Eq. 8.4 #1: https://www.electro-tech-online.com/attachments/8-4-1-jpg.58887/
Eq. 8.4 #2: https://www.electro-tech-online.com/attachments/8-4-2-jpg.58888/
Eq. 8.4 #3: https://www.electro-tech-online.com/attachments/8-4-3-jpg.58889/

Qx:
Why didnt you reply to your other post again? You were going to find two expressions to
define that function piecewise right?

Seriously, I'm occupied with many different things for last some days. I will give it a shot as soon as I find some time. Thanks.

Best regards
PG

 

[MrAl]

Hello again,


Here's the thing, when you have an RLC circuit not excited by any forcing function you get a certain characteristic equation. When you apply a forcing function that is a step you get the same characteristic equation. Same characteristic equation, same roots.

With no input, we get (s*R)/L+1/(C*L)+s^2 as the denominator, and with a step input we get the same denominator but the numerator changes.
Same denominator, same roots.

Here's a full time domain solution for both cases (exponential solution cases):

No step:
-(C*R*e^((t*sqrt(C^2*R^2-4*C*L))/(2*C*L)-(t*R)/(2*L)))/(2*L*sqrt(C^2*R^2-4*C*L))+e^((t*sqrt(C^2*R^2-4*C*L))/(2*C*L)-(t*R)/(2*L))/(2*L)+(C*R*e^(-(t*sqrt(C^2*R^2-4*C*L))/(2*C*L)-(t*R)/(2*L)))/(2*L*sqrt(C^2*R^2-4*C*L))+e^(-(t*sqrt(C^2*R^2-4*C*L))/(2*C*L)-(t*R)/(2*L))/(2*L)

With a step:
(C*E*e^((t*sqrt(C^2*R^2-4*C*L))/(2*C*L)-(t*R)/(2*L)))/sqrt(C^2*R^2-4*C*L)-(C*E*e^(-(t*sqrt(C^2*R^2-4*C*L))/(2*C*L)-(t*R)/(2*L)))/sqrt(C^2*R^2-4*C*L)

Notice we get the same value for the exponents in both cases (positive or negative).
t*sqrt(C^2*R^2-4*C*L))/(2*C*L)-(t*R)/(2*L)
t*sqrt(C^2*R^2-4*C*L))/(2*C*L)-(t*R)/(2*L)


One more easier to read example:

y''+A*y'+B*y=0
we get:
y=e^(-(x*A)/2)*(K1*sin((x*sqrt(4*B-A^2))/2)+K2*cos((x*sqrt(4*B-A^2))/2))

and for:
y''+A*y'+B*y=1
we get:
y=e^(-(x*A)/2)*(K1*sin((x*sqrt(4*B-A^2))/2)+K2*cos((x*sqrt(4*B-A^2))/2))+1/B

What's the difference? The second one has an added 1/B. That 1/B doesnt change the frequency in any way.

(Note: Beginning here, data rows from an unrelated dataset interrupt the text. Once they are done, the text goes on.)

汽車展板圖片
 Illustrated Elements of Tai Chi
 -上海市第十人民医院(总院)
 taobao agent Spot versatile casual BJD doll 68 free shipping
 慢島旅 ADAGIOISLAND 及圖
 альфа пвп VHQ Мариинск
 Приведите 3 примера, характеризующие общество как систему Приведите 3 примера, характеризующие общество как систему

Unless i dont understand your question.

 

[PG1995]

Hello again,


Here's the thing, when you have an RLC circuit not excited by any forcing function you get a certain characteristic equation. When you apply a forcing function that is a step you get the same characteristic equation. Same characteristic equation, same roots.

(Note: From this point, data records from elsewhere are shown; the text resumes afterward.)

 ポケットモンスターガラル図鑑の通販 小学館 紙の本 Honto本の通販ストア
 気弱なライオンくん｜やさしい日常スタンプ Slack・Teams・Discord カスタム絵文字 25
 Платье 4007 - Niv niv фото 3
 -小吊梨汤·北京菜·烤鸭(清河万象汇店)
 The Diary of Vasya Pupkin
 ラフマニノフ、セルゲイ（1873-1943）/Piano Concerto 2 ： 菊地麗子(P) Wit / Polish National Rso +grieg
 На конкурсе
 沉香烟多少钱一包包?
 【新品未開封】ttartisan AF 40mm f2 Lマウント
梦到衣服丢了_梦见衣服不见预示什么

With no input, we get (s*R)/L+1/(C*L)+s^2 as the denominator, and with a step input we get the same denominator but the numerator changes.
Same denominator, same roots.

Here's a full time domain solution for both cases (exponential solution cases):

No step:
-(C*R*e^((t*sqrt(C^2*R^2-4*C*L))/(2*C*L)-(t*R)/(2*L)))/(2*L*sqrt(C^2*R^2-4*C*L))+e^((t*sqrt(C^2*R^2-4*C*L))/(2*C*L)-(t*R)/(2*L))/(2*L)+(C*R*e^(-(t*sqrt(C^2*R^2-4*C*L))/(2*C*L)-(t*R)/(2*L)))/(2*L*sqrt(C^2*R^2-4*C*L))+e^(-(t*sqrt(C^2*R^2-4*C*L))/(2*C*L)-(t*R)/(2*L))/(2*L)

With a step:
(C*E*e^((t*sqrt(C^2*R^2-4*C*L))/(2*C*L)-(t*R)/(2*L)))/sqrt(C^2*R^2-4*C*L)-(C*E*e^(-(t*sqrt(C^2*R^2-4*C*L))/(2*C*L)-(t*R)/(2*L)))/sqrt(C^2*R^2-4*C*L)

Notice we get the same value for the exponents in both cases (positive or negative).
t*sqrt(C^2*R^2-4*C*L))/(2*C*L)-(t*R)/(2*L)
t*sqrt(C^2*R^2-4*C*L))/(2*C*L)-(t*R)/(2*L)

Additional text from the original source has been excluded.